Your copy should match the records below word for word and contain no pictures.

Scraped caption text data:

::::::::

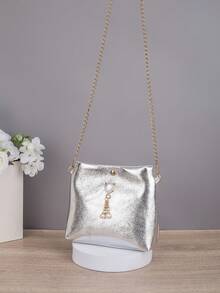 Damen Metallic Crackle Polyester Ketten Umhängetasche, modische Perlen Dekor Schultertasche, Gold Silber Farboptionen, lässige tägliche Party Handtasche - Gold - Übersicht 10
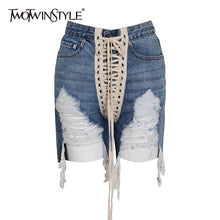 Load image into Gallery viewer, TWOTWINSTYLE Patchwork Cross Strap Denim Women's Shorts High Waist Hole Tassel Streetwear Shorts Female 2020 Summer Fashion New
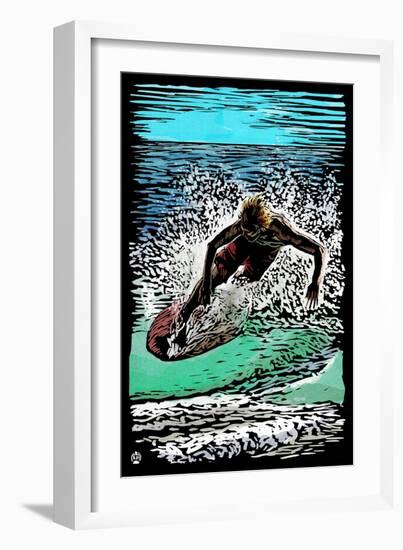 Skimboarder - Scratchboard-Lantern Press-Framed Art Print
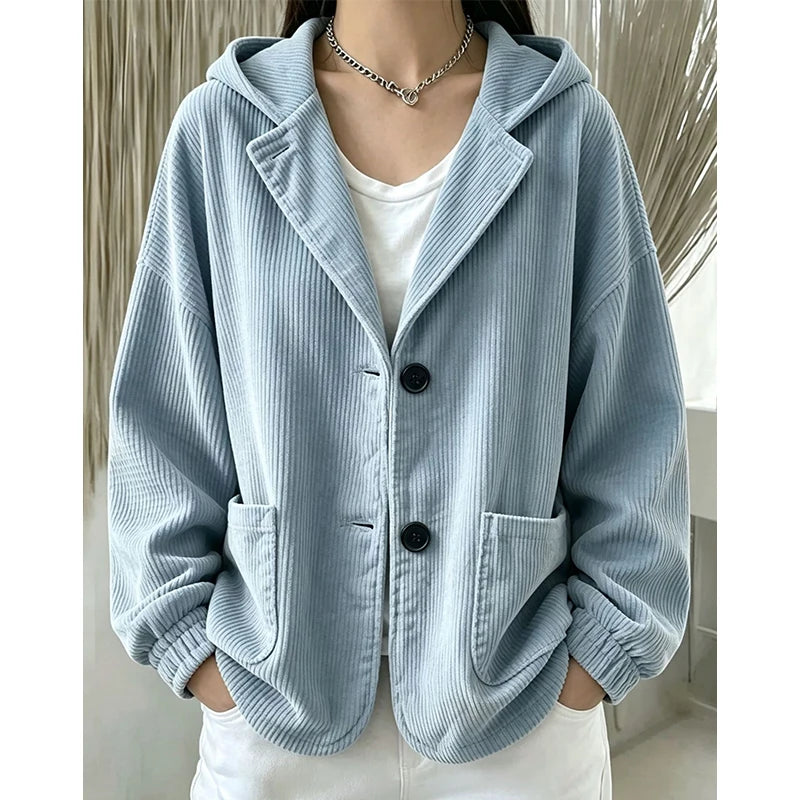 Light blue hooded corduroy jacket with patch pockets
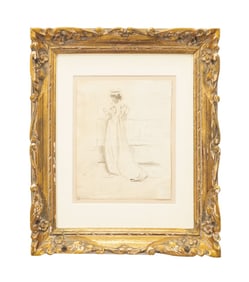 MANNER OF MARY CASSATT, PENCIL SKETCH OF WOMAN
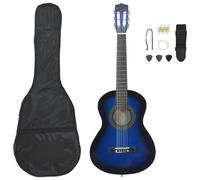 VidaXL - Juego de guitarra clásica para principiantes (8 unidades, 1/2, 34"), color azul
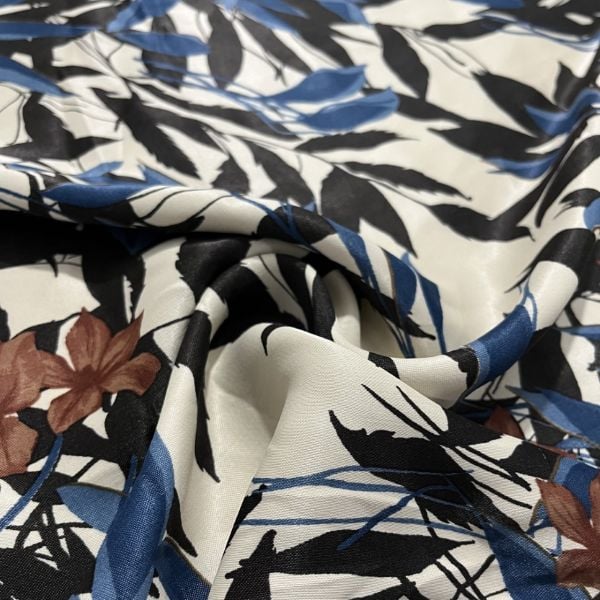 Akdeniz Desenli İpek Saten Kumaş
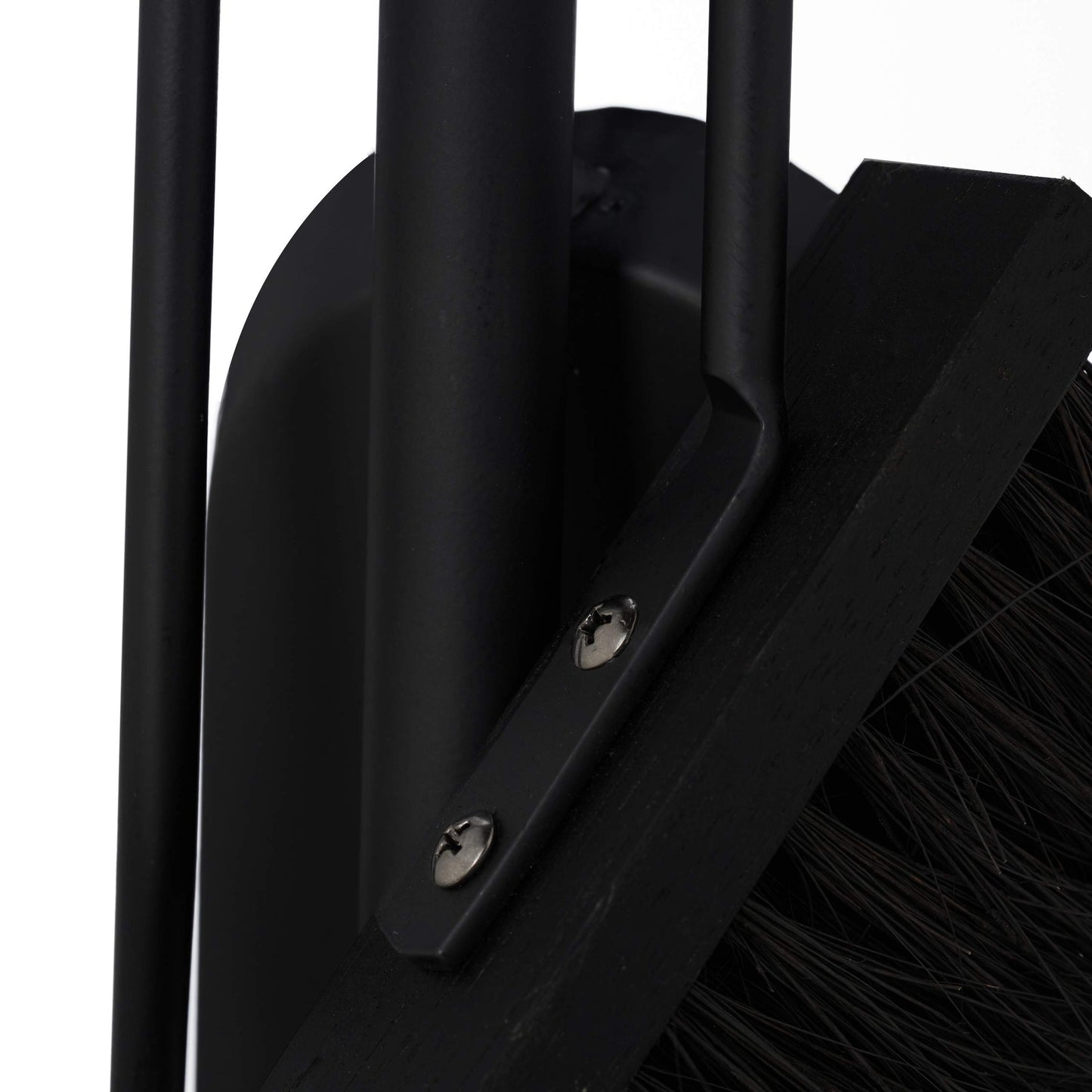 Relaxdays fireplace tool set, 4-piece fireplace equipment with shovel, broom, poker & stand, modern stove tools, black, 61 x 15 x 15 cm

::::::::

## [TASK RESULT]
 Damen Metallic Crackle Polyester Ketten Umhängetasche, modische Perlen Dekor Schultertasche, Gold Silber Farboptionen, lässige tägliche Party Handtasche - Gold - Übersicht 10
 Load image into Gallery viewer, TWOTWINSTYLE Patchwork Cross Strap Denim Women's Shorts High Waist Hole Tassel Streetwear Shorts Female 2020 Summer Fashion New
 Skimboarder - Scratchboard-Lantern Press-Framed Art Print
 Light blue hooded corduroy jacket with patch pockets
 MANNER OF MARY CASSATT, PENCIL SKETCH OF WOMAN
 VidaXL - Juego de guitarra clásica para principiantes (8 unidades, 1/2, 34"), color azul
 Akdeniz Desenli İpek Saten Kumaş
 Relaxdays fireplace tool set, 4-piece fireplace equipment with shovel, broom, poker & stand, modern stove tools, black, 61 x 15 x 15 cm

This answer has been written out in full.